There was no snow falling, but it covered the ground in one large pockmarked sheet, disguising the dead leaves and pop bottles until April arrived and the sewer flooded with the runoff like last year. Scott’s basement would probably flood once the snow melted, but Jamie had his own place now. He was nestled on the seventh floor in the Gillman Arms with an inclusive lease. Jamie liked to run the shower even when he wasn’t home sometimes, but there was mold growing in between the tiles on his bathroom floor.

Moses Moon was still on the front page every day. The high school photo they used didn’t show the shaven head or the purple wrists Jamie remembered from the honeymoon suite. Moses Moon was smiling in this picture, his lips stretched too far. He was even wearing a shirt with a collar. The buttons were mismatched and one side hung lower than the other. The sun watched over the kids with Jamie and began to melt some of the ice on the higher branches. Droplets split phrases like aggravated assault and first-degree manslaughter into inky blots that ran down the page and darkened Jamie’s fingertips. Kansas fell down the slide again.

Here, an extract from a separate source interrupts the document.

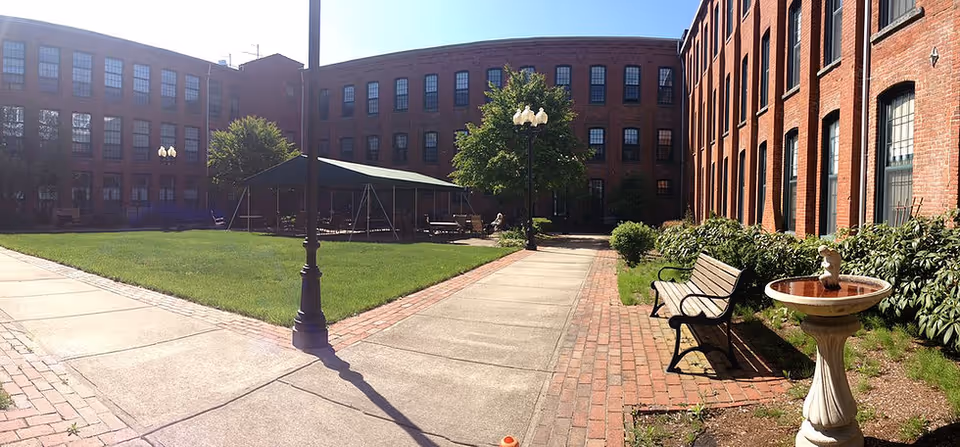 Outdoor courtyard area of Franklin Court Assisted Living with brick buildings surrounding a grassy lawn. There are paved walkways, benches, a birdbath, and a covered seating area with tables and chairs. Trees and shrubs are planted along the walkways.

The cops had come by a number of times since they found Moses on the top floor of the Pillaros Hotel with two and a half dead bodies in the room. The half is what bothered the prosecution. Tommy Vine couldn’t talk; he only dribbled and wrote the name Al over and over on napkins. His diet consisted mainly of pureed foods and well mashed potatoes administered every six hours in the extended care ward at St. Joe’s. One of the prosecutors described him as a “husk” to the jury and prodded Tommy with a finger to prove his point. Objections were overruled. Without the beard, Tommy Vine looked like any another fat old frog with drooping lips. Most of his tattoos were hidden under the wrinkled brown suit two nurses forced him into after they changed his bedpan and wiped him down.